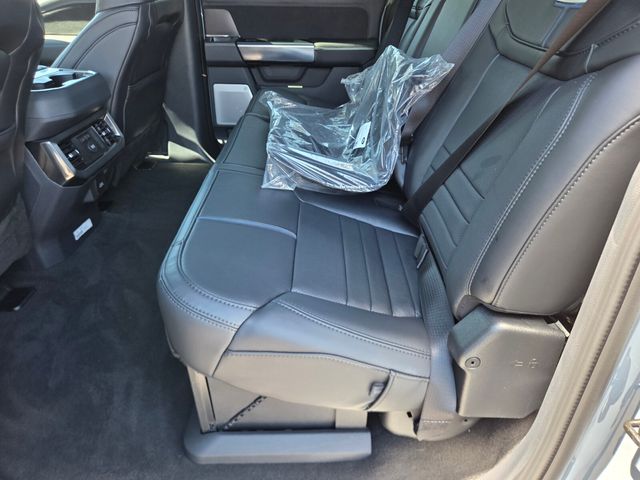2026 Ford F-350 Super Duty Platinum - Photo 7
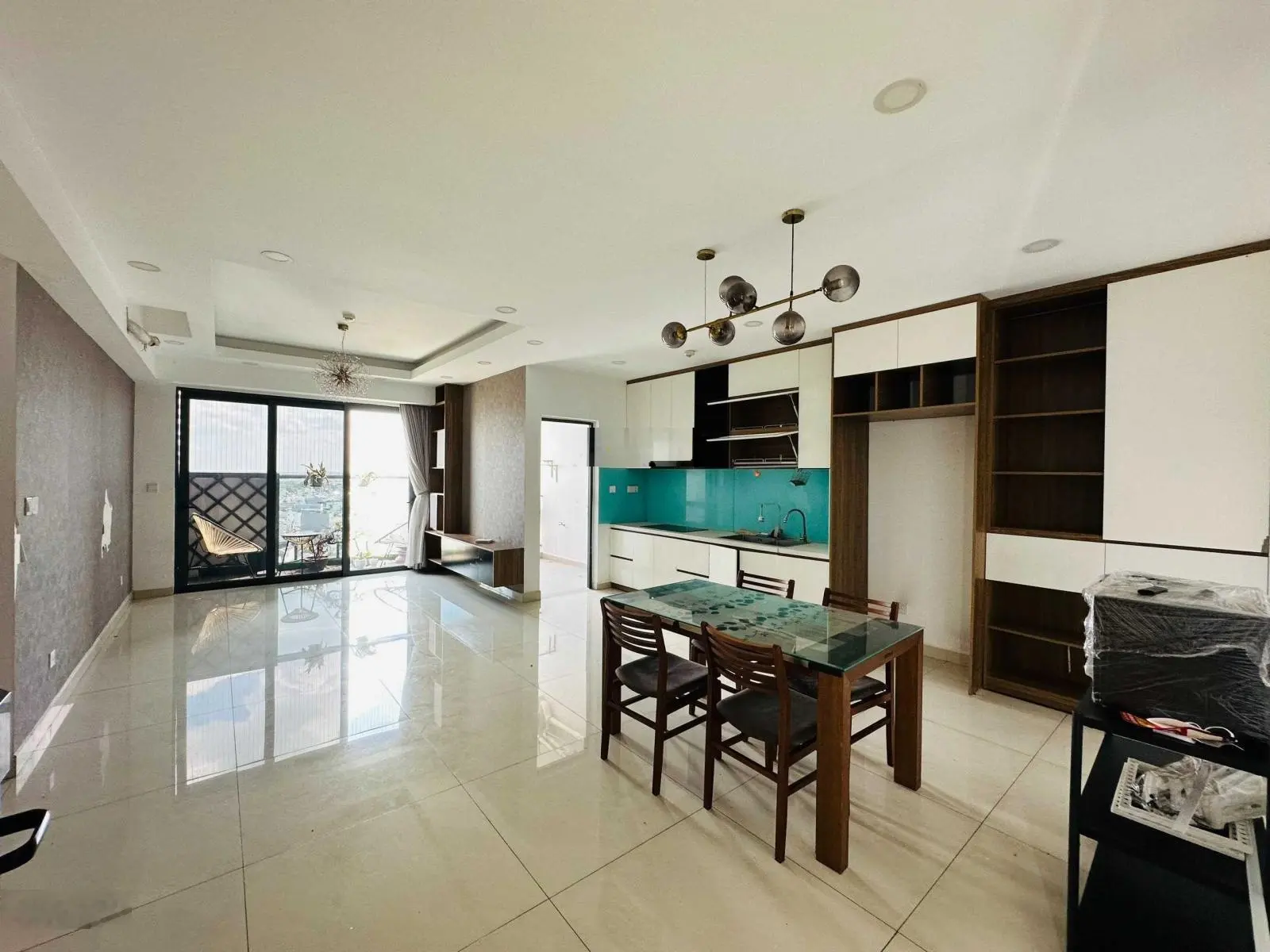 Không có nhu cầu sử dụng bán gấp căn Emerald 3PN - 2WC 104m2, nhà mới, view nội khu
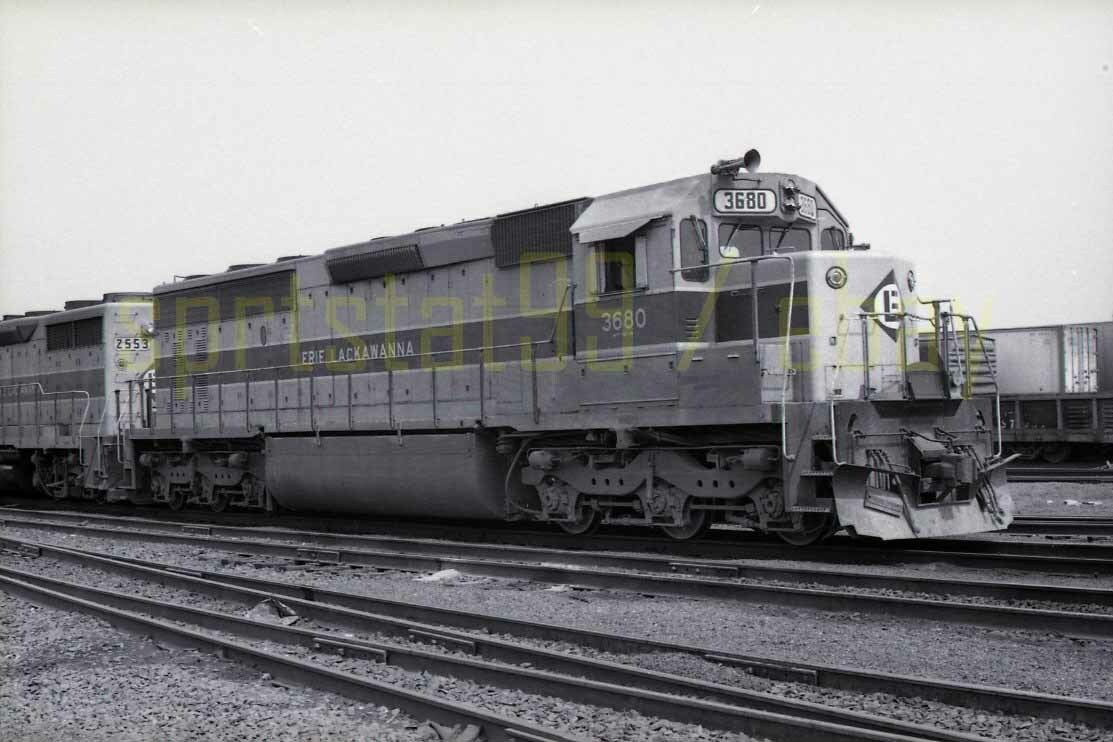 EL Erie Lackawanna EMD SD45-2 Locomotive #3680 - Vintage
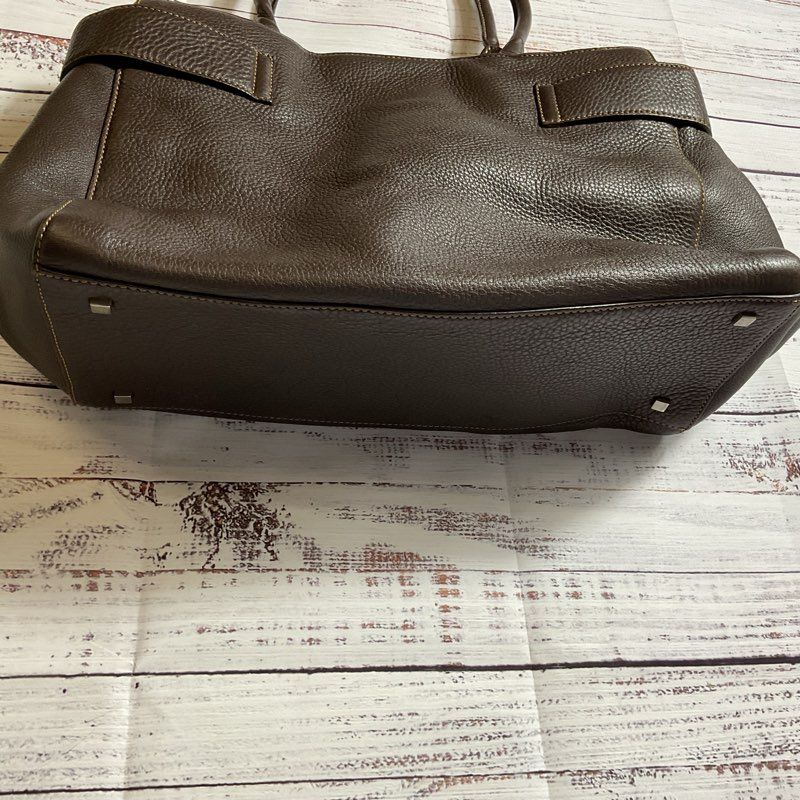 LEVENGER Women's Brown Fine Leather Multi Compartment Shoulder Bag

--- ABOUT THIS TASK ---
Leave out the pictures, and please output only the lines from the line that contains "Không có nhu" through the end of the data, both ends included.

--- OUTPUT FOR THIS EXERCISE ---
 Không có nhu cầu sử dụng bán gấp căn Emerald 3PN - 2WC 104m2, nhà mới, view nội khu
 EL Erie Lackawanna EMD SD45-2 Locomotive #3680 - Vintage
 LEVENGER Women's Brown Fine Leather Multi Compartment Shoulder Bag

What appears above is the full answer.